Another challenge is one faced by companies that are partnering with the federal government to provide drugs that fight AMR infections. Most of their supply is reserved for that pipeline, not the commercial market.

“What we’re seeing is companies going bankrupt,” Arthur said.

The U.S. government is working to combat AMR from many angles, said Warfield with Emergent BioSolutions.

“BARDA in particular funds early-stage discovery for new classes of antibiotics and focuses on strengthening public-private partnerships and facilitating investments to address this threat,” she told Homeland Preparedness News.

Members of Congress also are getting on board to help strengthen the pipeline of effective medications.

For instance, lawmakers this summer introduced the bipartisan, bicameral Developing an Innovative Strategy for Antimicrobial Resistant Microorganisms (DISARM) Act of 2019, S. 1712/H.R. 4100, which would encourage the development and use of DISARM antimicrobial drugs, which are those approved by the U.S. Food and Drug Administration as qualified infectious disease products — such as antibacterial or antifungal biological products — that are licensed to treat serious or life-threatening infections in humans, including resistant emerging or new pathogens, according to the bill’s text.
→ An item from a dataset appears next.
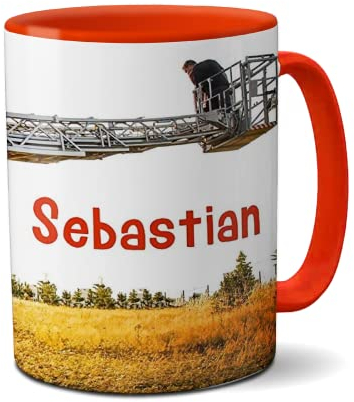 Feuerwehr-Kaffee-Tasse mit Wunschname, Namenstasse Feuerwehrauto im Einsatz GeburtstagsGeschenk Feuerwehrmann Kilala rot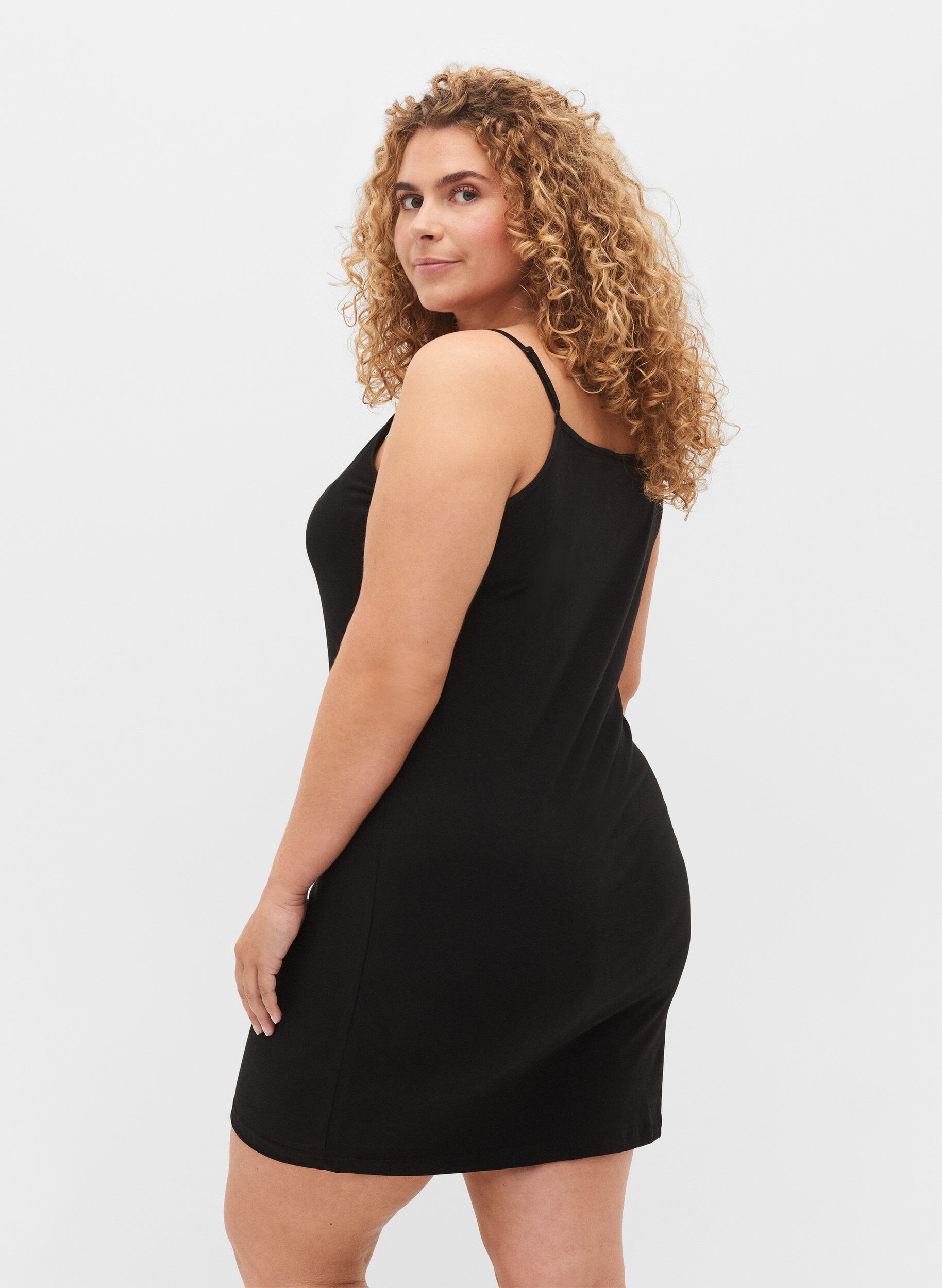 ZizzifashionLong basic cotton top , Black, Model image number 2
“Antibiotic- and antifungal-resistant infections are on the rise, and our researchers, physicians, hospitals and other health care providers need every opportunity to advance research and therapies for Americans,” said U.S. Sen. Johnny Isakson (R-GA), who introduced his chamber’s version of the bill. “The DISARM Act would encourage development of new therapies and directly address the challenge of drug-resistant infections in hospitals.”

Specifically, Arthur explained that the proposed bill would address Medicare reimbursements for antibiotics to hospitals, which currently receive them as a bundled payment rather than separately, thereby allowing hospitals to better control costs.

However, because drug-resistant infections are expensive to treat, she said that hospitals need incentivizes to use innovative, more pricey antimicrobials. In turn, lawmakers say the DISARM Act proposes to separate Medicare reimbursement payments from bundled to separate payments for qualified antimicrobials, among other provisions.

“Patients desperately need new antibiotics to treat serious or life-threatening infections caused by antibiotic-resistant bacteria,” said Dr. Cynthia Sears, president of the Infectious Diseases Society of America and professor of medicine at Johns Hopkins University School of Medicine.

“Without new incentives like the DISARM Act, the antibiotic pipeline will continue to crumble,” Sears added.

The measure, which the Working to Fight AMR group considers smart policy, remains under consideration in both houses of Congress.

Meanwhile, experts say there are other proactive measures to take.

For instance, “there are opportunities to improve our response to the threat of antimicrobial resistance,” said Warfield, “including in prescribing practices, making available rapid tests to identify the correct antibiotics to use, and providing appropriate reimbursement for these critically needed drugs.”